Thursday, July 31, 2014

Praying for my Man

I have had a hard time coming to terms with the whole thought of blogging about "my future husband". Mainly because I just didn't believe he actually existed and because I didn't believe I was worthy enough to actually blessed with the man I prayed for. As hard as I have tried in the past I can't seem to get this one right. I didn't think I deserved Gods best. The man he has created for me. I would always tell myself and still do at times that I have so much baggage and so much I need to do to get myself right before I can be "enough" for the man God has for me. I even felt guilty praying for this man....This is a big fat lie! First thing I have to say is that, I am never gonna measure up in this world. It's fallen, but I know I do measure up in Gods eyes and all that matters is that I am enough for him. I find it so freeing to know I don't have to be " enough" for anybody! (Sorry to get off topic, a bit) ....Truth is that I know the man God has for me is going to have gone through struggles, he is going to be a man that has been broken and has hit rock bottom and knows what faith and actual trust in God means. He will be simpathetic and empathetic towards me and my past because he will be Able to understand what I have been through. He will be able to catch my vision for my purpose in life because he understands me and why God has called me to do the things he's calling me to do, he will speak this out loud and proud over my life. So I decided that I wanted to start praying for the man God has for me  now because he needs prayers and is going through things just like me. God is working on his heart, just like mine. He won't be perfect, nobody is, but he will be mine. My sweet gift from God that I have boldly prayed for, cried for, and waited for......here is my prayer for  my man, my future husband. ( I am seriously giddy with joy and excitement writing this, because I know I am praying for a real person, the man I will have the privilege of loving forever and truly sharing my life with, I may already know him or I may not, but the mystery of it all is an amazing feeling, something I have not experienced before and when the time comes for us to meet, I will never appreciate anything more in my life) ............

-Lord, I lift up my future husband to You. I don't know if I have ever talked to him before, but I do know he is near. I want to pray for him according to Your Word, that:

-He would cherish me and love me, his future wife, as Christ loves the church. Not being afraid to stand up for me and protect me, Never allowing anybody no matter who they are to disrespect or talk down or degrading to me. He would love me enough to back up what he says with actions. He would be a man of integrity and never lie. He would help and encourage me to be the woman God has created me to be. He would except all of me, good and bad. He would allow God to use him to heal wounds in my heart. He would be a strong leader and be looked up to by his peers. (Ephesians 5: 25, Proverbs 3:1-4)

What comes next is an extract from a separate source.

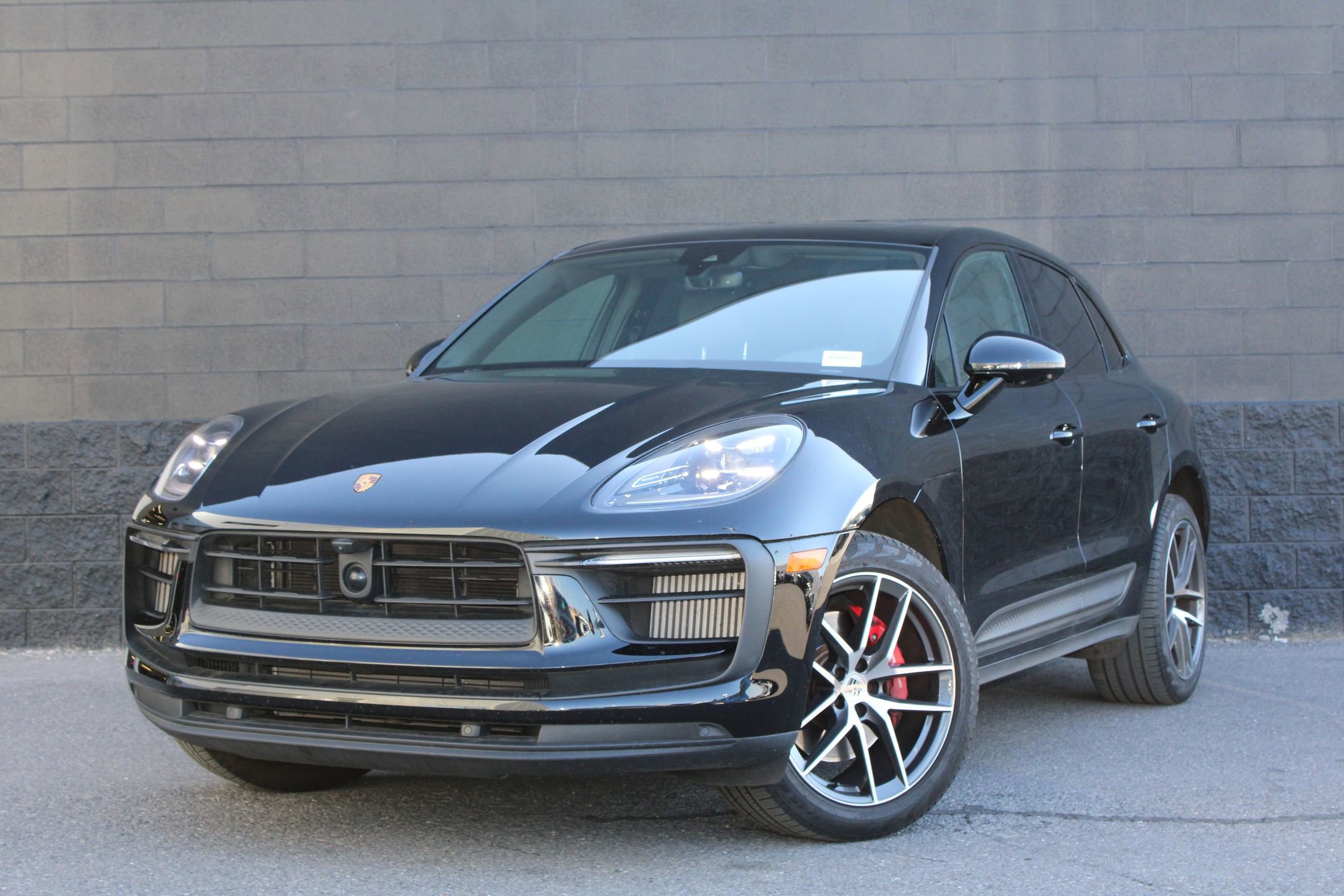 Certified 2023 Porsche Macan S image 1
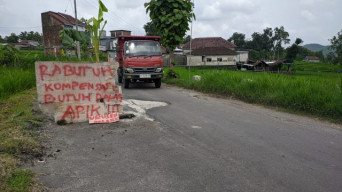 Truk Tambang Bikin Jalan Rusak, Warga Dua Desa Di Ponorogo Ini Tanam Pohon Pisang di Jalan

-He would run fast from temptation and be freed from anything that is keeping him in bondage to sin Such as: drugs, alcohol, sex, pornography, money. (Romans 12:9, John 10:10, Isaiah 61:1, 1 Thes 4)

-He would focus day and night on Your Word, pray constantly and stay faithful to You to the end (Psalm 1:1-3, 1 Thessalonians 5:17, Hebrews 12:1-2, Col 4:2)

-He will love You with all his heart, soul, mind, and strength. I pray he desires to not want to live like the world lives because it is comfortable and because it is all he has known. That he will be strong enough to make a stand for what he believes and be and example to his mom, dad, siblings, and other family, even if it means he is standing alone. I pray he will seek you so you can renew his mind to see things of real value and worth. (Mark 12:30; 1 Samuel 16:7, Colossians 3 1-2)

-He will be quick to hear, slow to speak, and slow to anger and is patient and flexible. He will not be upset or shaken when original plans get changed or upset when he has to wait on others or he has to wait on me. He will make the most of the time he has while waiting. James 1:19)

-A motivator, man of vision, concerned about lost souls. (Romans 10:14)

-You protect him physically, mentally, and spiritually ( protect his body,mind, and soul) (Psalm 28:7-9, Psalm 41, John 17:15, 2 Thessalonians 3:3, proverbs 4:16)

-You will instruct him and teach him what direction he should go with his life, giving him the wisdom to make the best decisions for himself and his family. (Psalm 32:8, Proverbs 5-6) 

-He would develop strong relationships with other godly men. That he realizes and understands what true friendship really means. (Ephesians 4:24-25, Hebrews 10:24, Proverbs 27:17)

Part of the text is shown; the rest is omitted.